### The task:
Look below for the line with "And that's all" and the line with "Because the electric". Copy exactly those two lines and every line between, but not the pictures.

### Records shown:
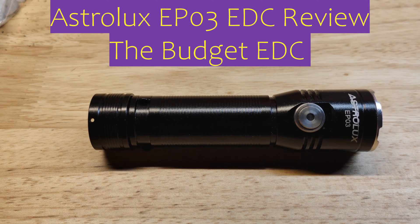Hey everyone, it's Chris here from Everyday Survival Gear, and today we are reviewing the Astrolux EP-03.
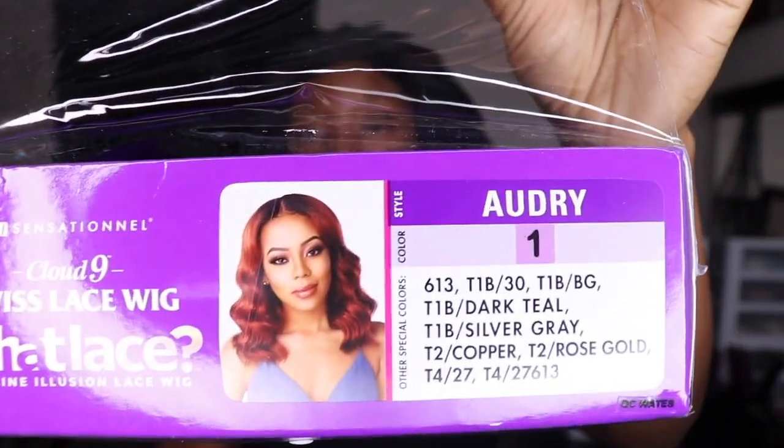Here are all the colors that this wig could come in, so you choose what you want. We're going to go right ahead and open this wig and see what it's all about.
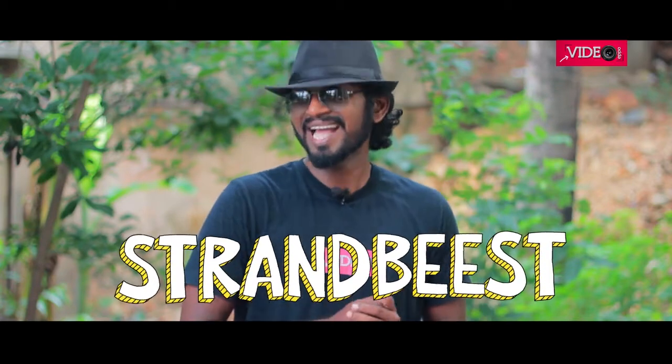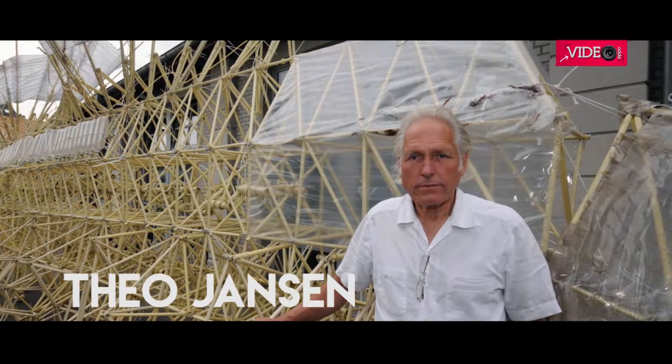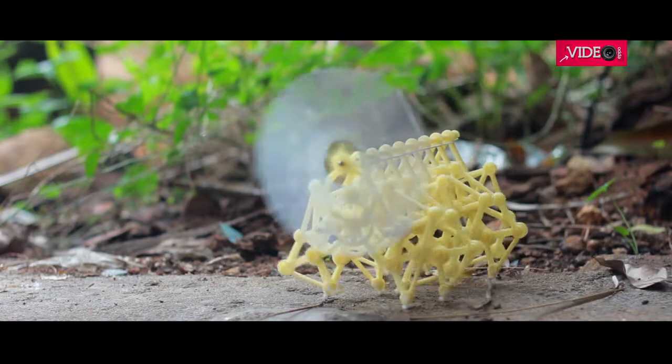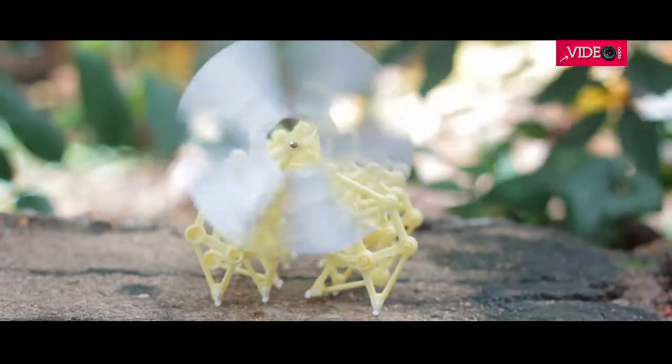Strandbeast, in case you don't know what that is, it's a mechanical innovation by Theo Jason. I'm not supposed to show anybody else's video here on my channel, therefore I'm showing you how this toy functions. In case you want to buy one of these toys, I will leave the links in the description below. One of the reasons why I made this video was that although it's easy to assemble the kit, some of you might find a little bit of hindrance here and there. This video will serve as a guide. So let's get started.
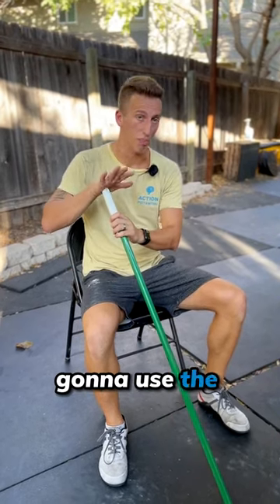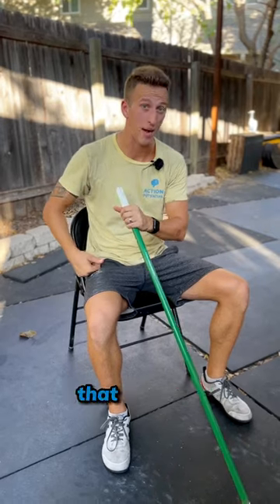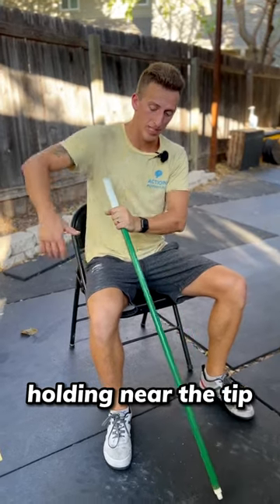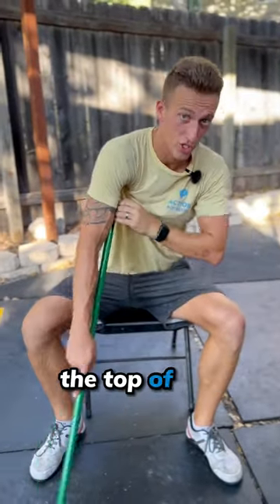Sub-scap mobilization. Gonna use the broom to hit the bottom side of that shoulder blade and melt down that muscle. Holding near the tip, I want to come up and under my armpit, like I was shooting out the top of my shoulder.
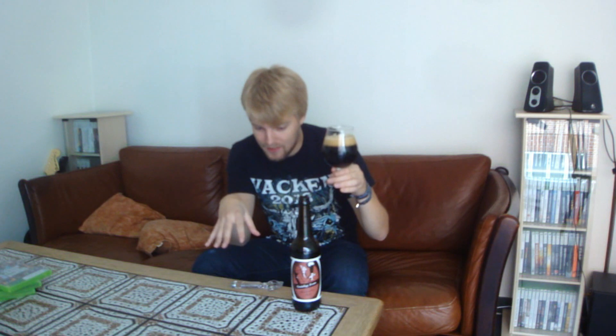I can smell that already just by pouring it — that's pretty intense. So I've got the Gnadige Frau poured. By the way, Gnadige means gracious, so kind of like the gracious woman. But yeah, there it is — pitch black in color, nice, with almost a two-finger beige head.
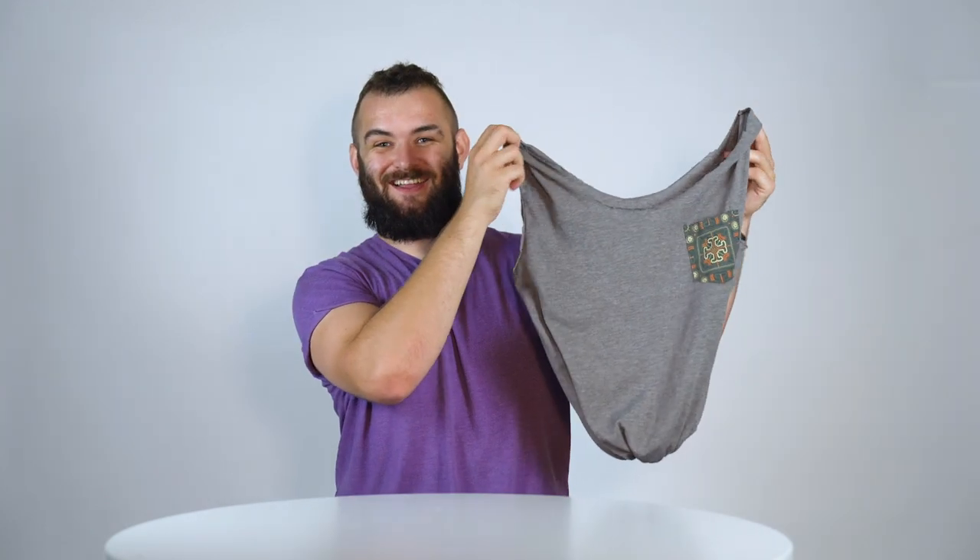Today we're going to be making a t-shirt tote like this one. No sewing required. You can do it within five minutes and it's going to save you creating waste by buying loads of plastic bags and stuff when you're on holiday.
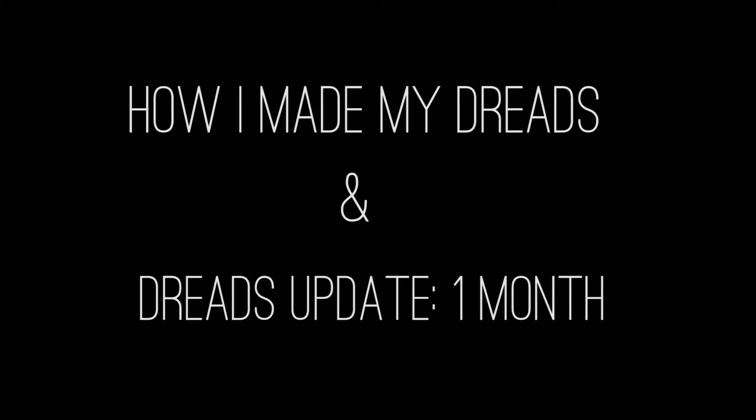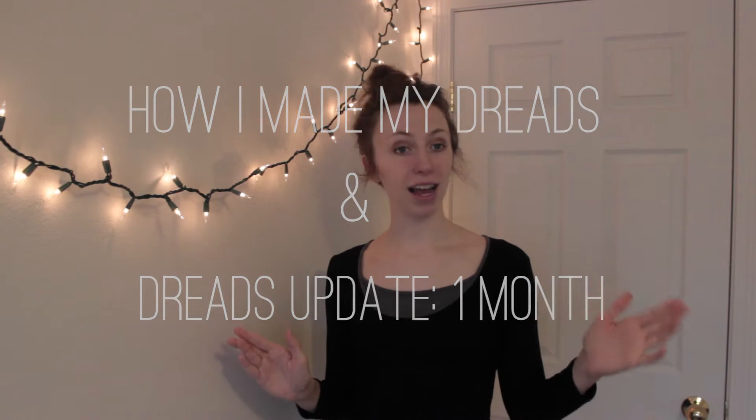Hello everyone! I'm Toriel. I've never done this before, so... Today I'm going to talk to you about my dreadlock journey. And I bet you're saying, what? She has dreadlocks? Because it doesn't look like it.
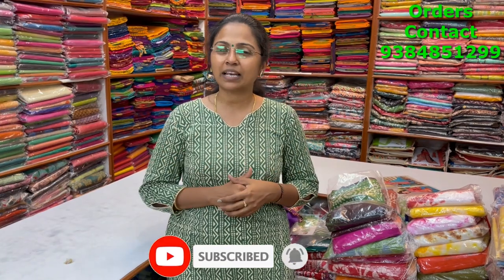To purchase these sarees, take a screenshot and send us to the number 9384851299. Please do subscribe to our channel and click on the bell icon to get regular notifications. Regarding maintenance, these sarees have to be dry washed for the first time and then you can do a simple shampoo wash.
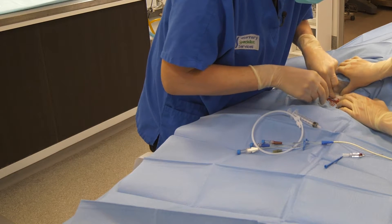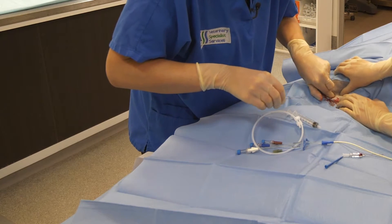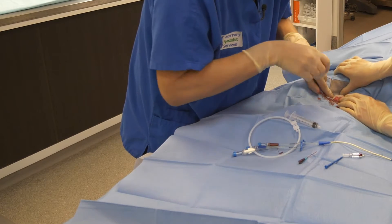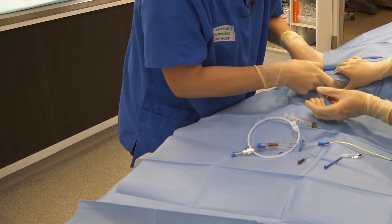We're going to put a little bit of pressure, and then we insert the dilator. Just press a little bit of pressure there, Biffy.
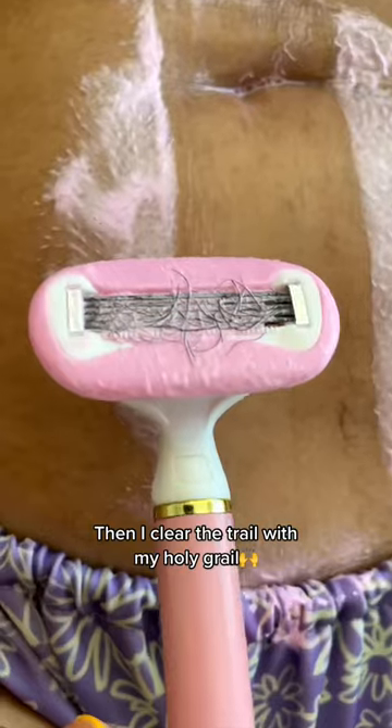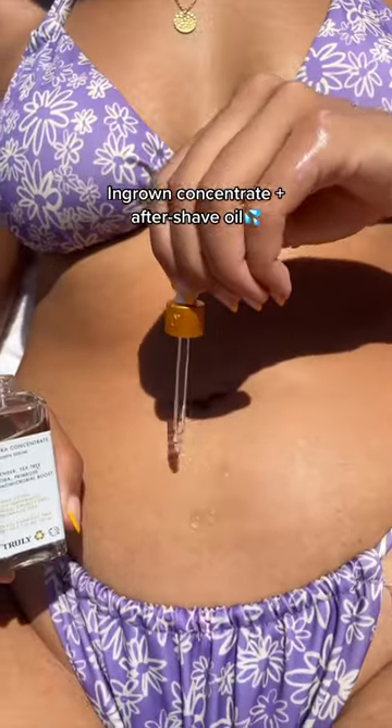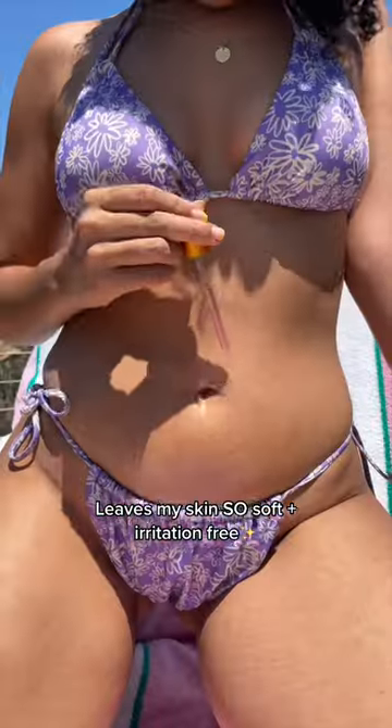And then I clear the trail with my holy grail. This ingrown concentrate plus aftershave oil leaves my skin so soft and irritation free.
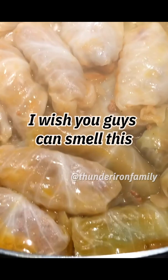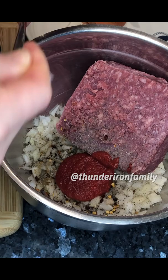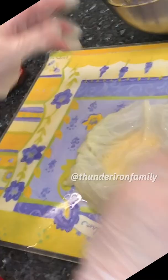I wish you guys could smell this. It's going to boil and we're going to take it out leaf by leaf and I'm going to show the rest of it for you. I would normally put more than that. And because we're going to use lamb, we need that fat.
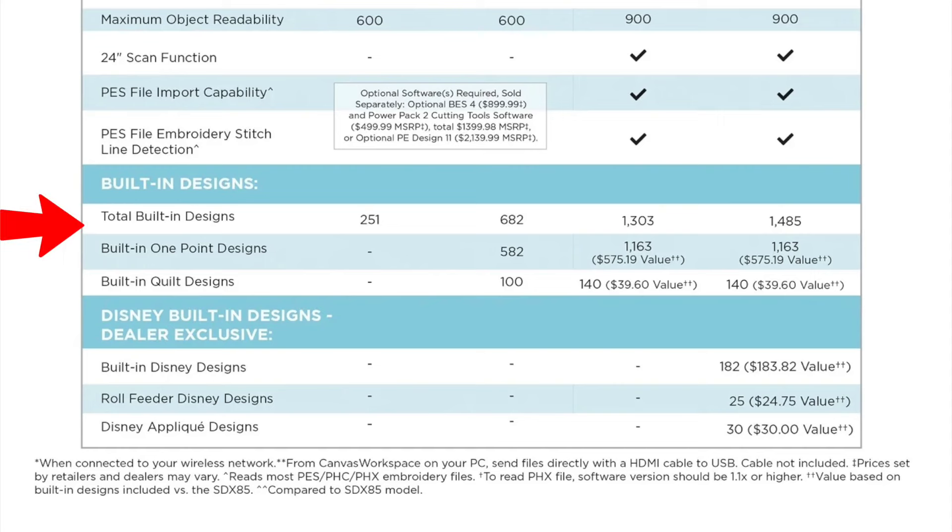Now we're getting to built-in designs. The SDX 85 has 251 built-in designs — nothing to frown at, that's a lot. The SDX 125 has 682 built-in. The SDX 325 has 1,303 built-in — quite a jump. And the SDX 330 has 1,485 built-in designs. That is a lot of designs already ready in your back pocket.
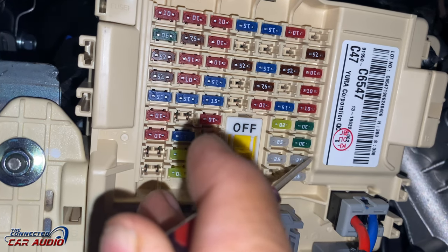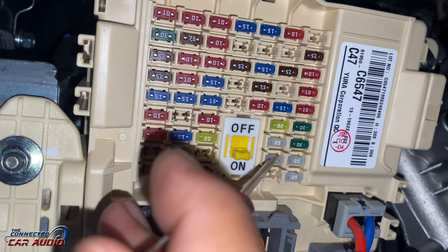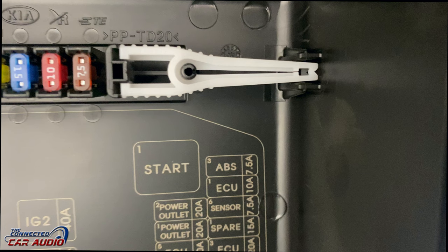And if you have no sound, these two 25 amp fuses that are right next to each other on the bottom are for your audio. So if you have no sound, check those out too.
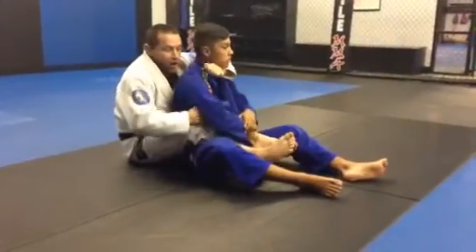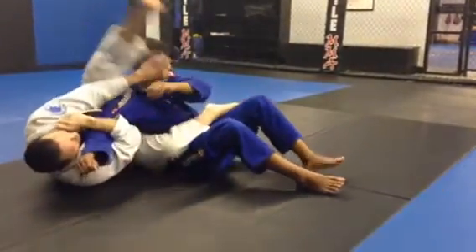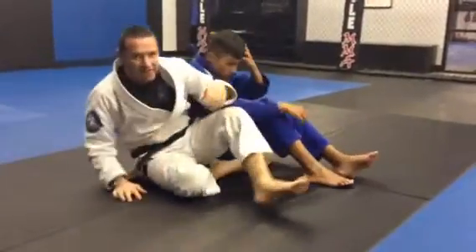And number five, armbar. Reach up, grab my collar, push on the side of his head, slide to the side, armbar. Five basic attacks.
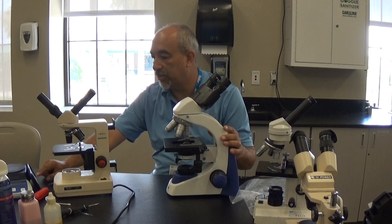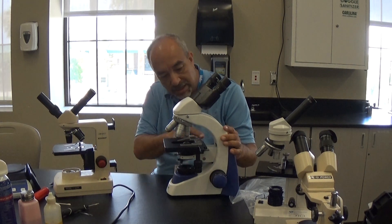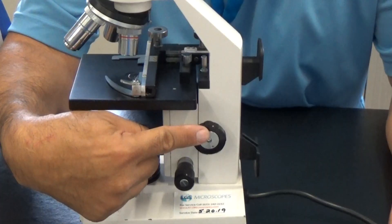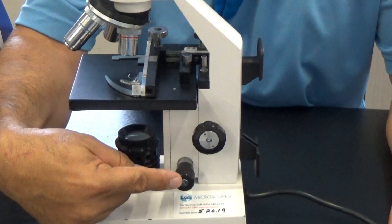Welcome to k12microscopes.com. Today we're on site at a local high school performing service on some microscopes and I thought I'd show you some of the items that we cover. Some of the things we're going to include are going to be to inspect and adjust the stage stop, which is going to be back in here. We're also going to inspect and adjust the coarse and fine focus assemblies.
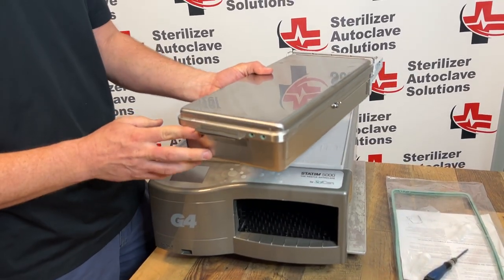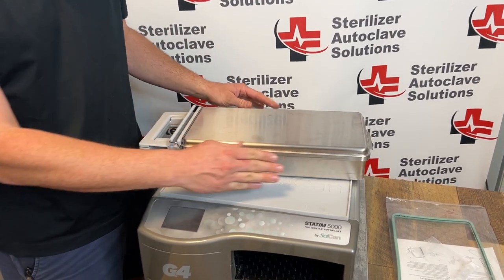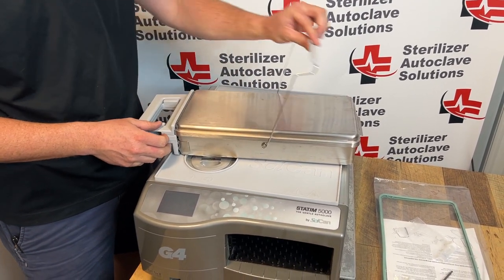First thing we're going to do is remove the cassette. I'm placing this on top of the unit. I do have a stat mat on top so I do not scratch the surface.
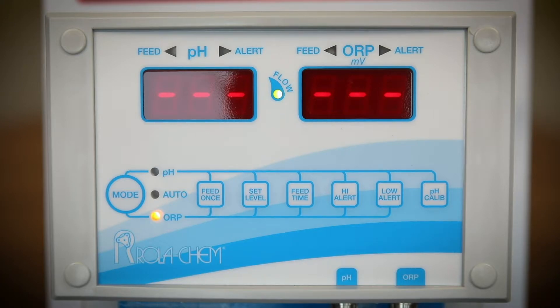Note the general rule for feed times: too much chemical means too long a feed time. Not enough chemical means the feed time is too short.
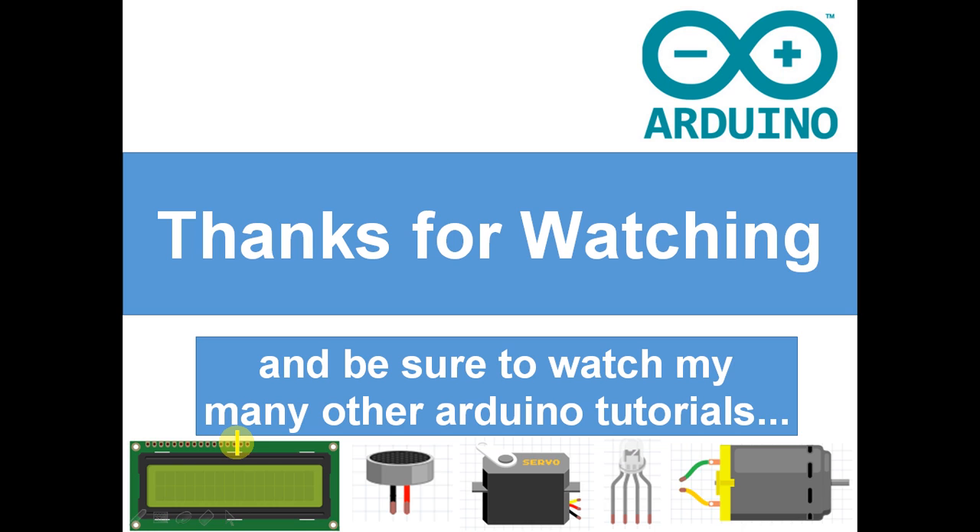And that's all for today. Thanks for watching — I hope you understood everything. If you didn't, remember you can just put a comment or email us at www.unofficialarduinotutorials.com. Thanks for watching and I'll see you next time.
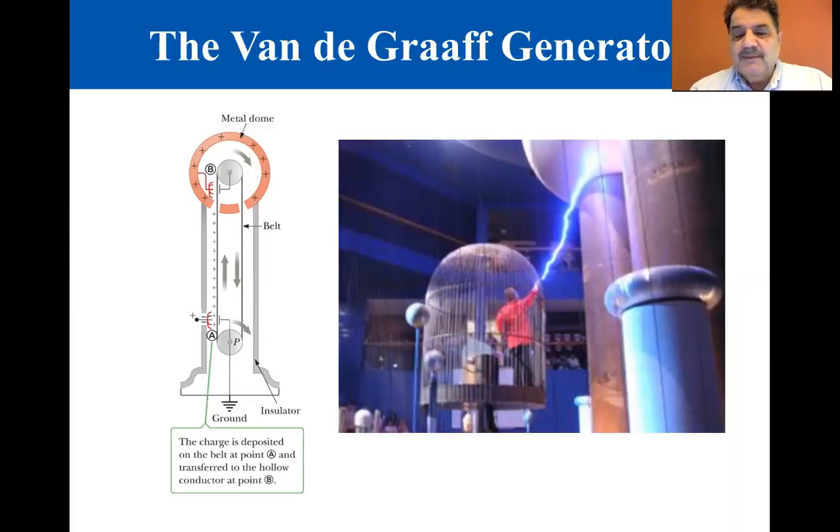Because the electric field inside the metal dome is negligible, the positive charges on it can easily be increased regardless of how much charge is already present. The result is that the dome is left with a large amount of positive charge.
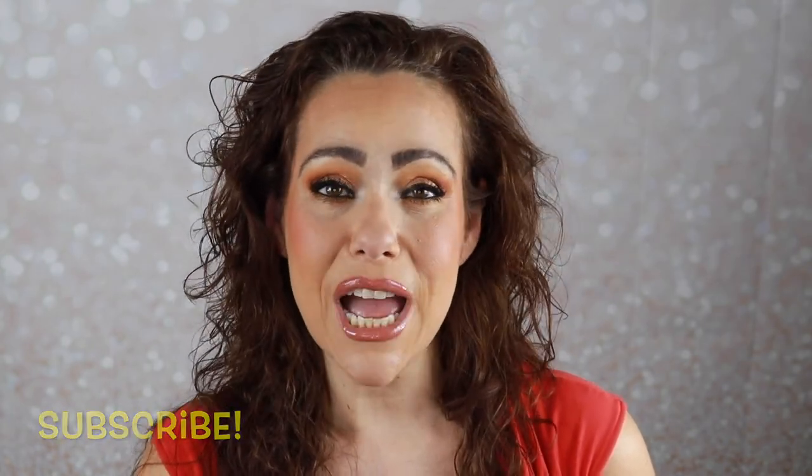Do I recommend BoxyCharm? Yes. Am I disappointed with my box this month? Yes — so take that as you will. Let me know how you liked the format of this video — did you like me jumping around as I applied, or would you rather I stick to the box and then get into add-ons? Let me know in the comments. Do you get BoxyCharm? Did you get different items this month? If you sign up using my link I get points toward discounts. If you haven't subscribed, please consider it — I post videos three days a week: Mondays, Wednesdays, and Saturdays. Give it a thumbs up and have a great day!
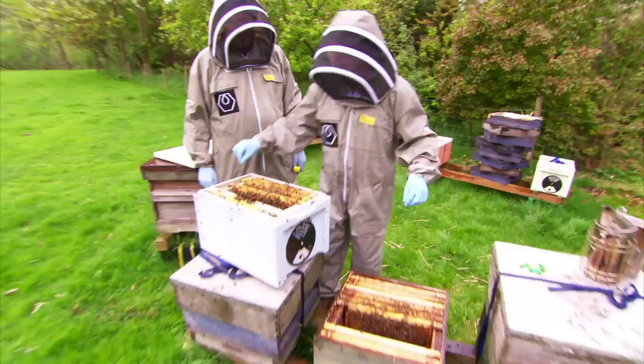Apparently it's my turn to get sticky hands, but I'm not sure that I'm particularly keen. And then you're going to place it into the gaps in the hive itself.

### Exercise solution:
And that's all for today. Thanks for watching — I hope you understood everything. If you didn't, remember you can just put a comment or email us at www.unofficialarduinotutorials.com. Thanks for watching and I'll see you next time.
Because the electric field inside the metal dome is negligible, the positive charges on it can easily be increased regardless of how much charge is already present. The result is that the dome is left with a large amount of positive charge.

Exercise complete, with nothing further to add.